* Your instructions: When you find the line with "Interactive Session at" among the records below, reproduce it and each line after it exactly, ending with the line with "Read Absolute Resonance".

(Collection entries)
----
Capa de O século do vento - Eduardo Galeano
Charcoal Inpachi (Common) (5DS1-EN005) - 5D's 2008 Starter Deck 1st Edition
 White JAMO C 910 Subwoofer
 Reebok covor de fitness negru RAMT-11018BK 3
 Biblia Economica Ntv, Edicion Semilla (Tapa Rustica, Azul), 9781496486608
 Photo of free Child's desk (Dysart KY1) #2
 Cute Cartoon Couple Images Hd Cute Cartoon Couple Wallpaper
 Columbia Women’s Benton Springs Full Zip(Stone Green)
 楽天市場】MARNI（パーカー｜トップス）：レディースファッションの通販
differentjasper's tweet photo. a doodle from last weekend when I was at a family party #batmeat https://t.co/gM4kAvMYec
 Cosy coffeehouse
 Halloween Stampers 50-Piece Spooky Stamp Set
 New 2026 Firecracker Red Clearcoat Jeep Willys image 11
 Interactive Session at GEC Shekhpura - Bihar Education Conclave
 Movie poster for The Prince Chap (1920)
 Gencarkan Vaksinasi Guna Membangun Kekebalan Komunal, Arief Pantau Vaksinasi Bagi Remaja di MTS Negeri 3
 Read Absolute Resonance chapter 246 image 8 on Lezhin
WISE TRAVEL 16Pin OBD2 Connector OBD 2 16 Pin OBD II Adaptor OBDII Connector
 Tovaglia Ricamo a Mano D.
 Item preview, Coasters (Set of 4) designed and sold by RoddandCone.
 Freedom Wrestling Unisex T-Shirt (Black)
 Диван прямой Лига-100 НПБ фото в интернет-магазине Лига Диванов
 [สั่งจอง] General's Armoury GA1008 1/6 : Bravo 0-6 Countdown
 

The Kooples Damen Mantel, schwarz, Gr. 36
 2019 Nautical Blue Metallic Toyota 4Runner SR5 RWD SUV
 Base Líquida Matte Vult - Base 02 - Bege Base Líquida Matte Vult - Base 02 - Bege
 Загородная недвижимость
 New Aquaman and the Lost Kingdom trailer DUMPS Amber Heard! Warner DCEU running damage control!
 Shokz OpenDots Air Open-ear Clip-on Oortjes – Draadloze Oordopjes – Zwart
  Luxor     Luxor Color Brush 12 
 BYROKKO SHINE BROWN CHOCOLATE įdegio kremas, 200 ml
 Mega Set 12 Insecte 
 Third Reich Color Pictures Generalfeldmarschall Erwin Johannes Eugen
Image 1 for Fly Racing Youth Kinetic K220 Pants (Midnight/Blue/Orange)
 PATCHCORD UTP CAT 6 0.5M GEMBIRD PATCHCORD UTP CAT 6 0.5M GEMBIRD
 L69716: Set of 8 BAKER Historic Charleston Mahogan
----
* Reply:
 Interactive Session at GEC Shekhpura - Bihar Education Conclave
 Movie poster for The Prince Chap (1920)
 Gencarkan Vaksinasi Guna Membangun Kekebalan Komunal, Arief Pantau Vaksinasi Bagi Remaja di MTS Negeri 3
 Read Absolute Resonance chapter 246 image 8 on Lezhin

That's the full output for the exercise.